▶ **EXERCISE GOAL**: Write out every entry exactly as given, but omit the pictures.

::::::::

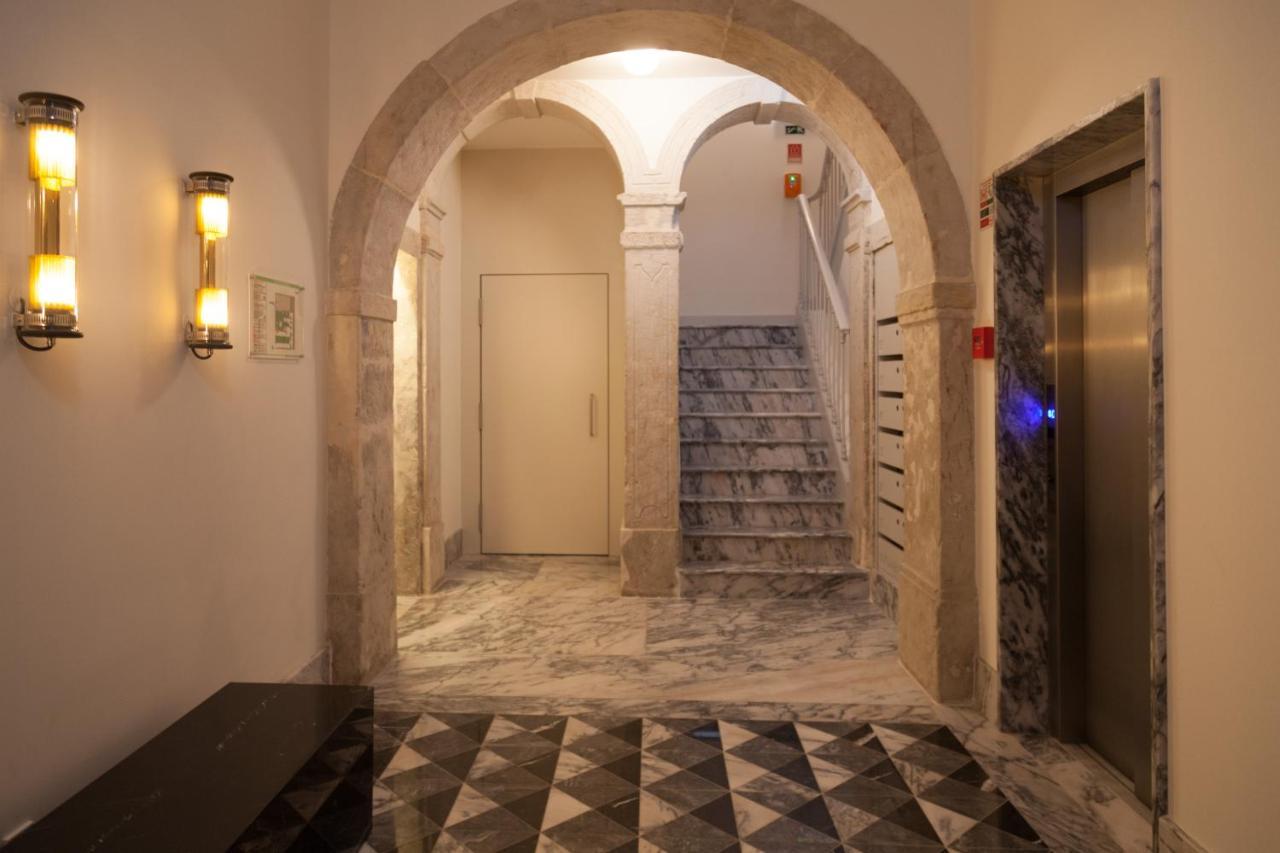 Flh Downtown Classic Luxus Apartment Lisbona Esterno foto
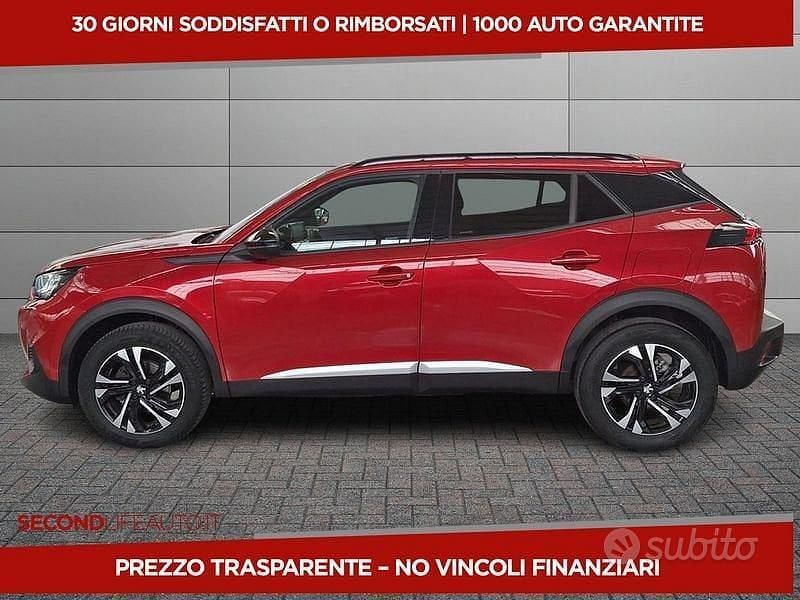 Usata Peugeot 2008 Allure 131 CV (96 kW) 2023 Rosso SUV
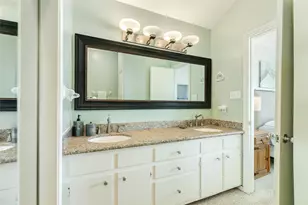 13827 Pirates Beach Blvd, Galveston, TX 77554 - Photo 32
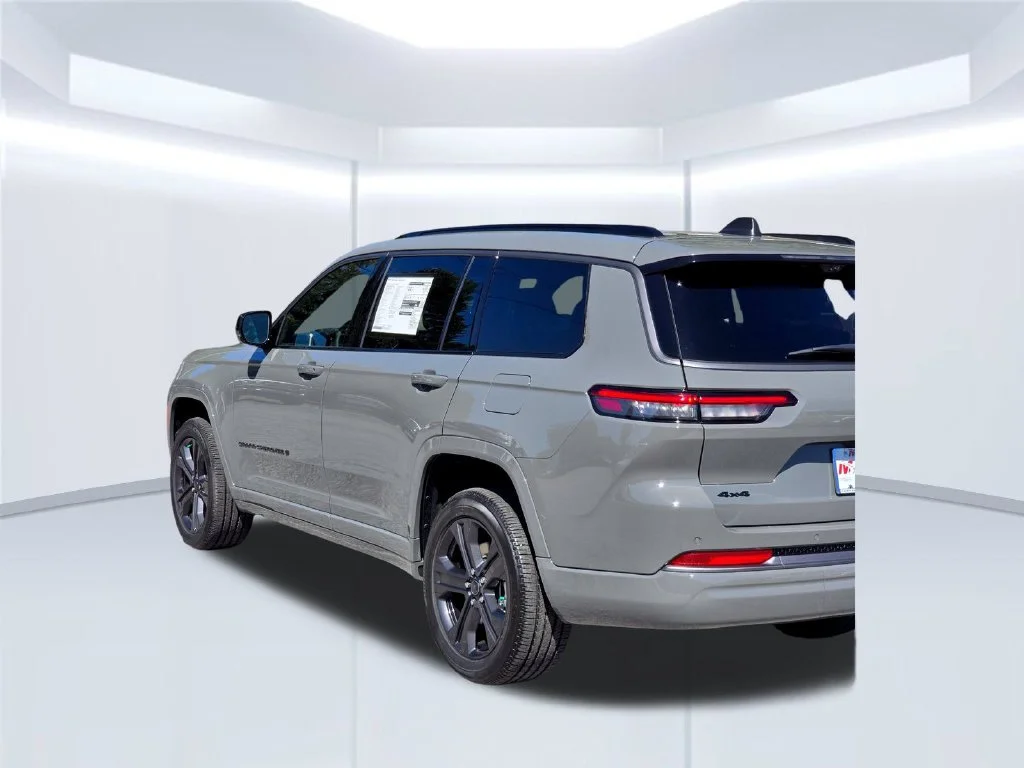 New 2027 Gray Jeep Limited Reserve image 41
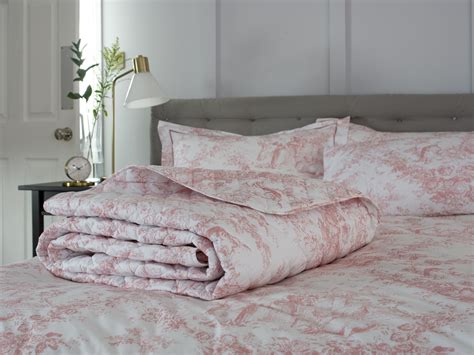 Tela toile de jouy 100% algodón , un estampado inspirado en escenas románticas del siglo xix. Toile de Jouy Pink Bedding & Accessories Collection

::::::::

▶ **RESULT OF THE EXERCISE**:
 Flh Downtown Classic Luxus Apartment Lisbona Esterno foto
 Usata Peugeot 2008 Allure 131 CV (96 kW) 2023 Rosso SUV
 13827 Pirates Beach Blvd, Galveston, TX 77554 - Photo 32
 New 2027 Gray Jeep Limited Reserve image 41
 Tela toile de jouy 100% algodón , un estampado inspirado en escenas románticas del siglo xix. Toile de Jouy Pink Bedding & Accessories Collection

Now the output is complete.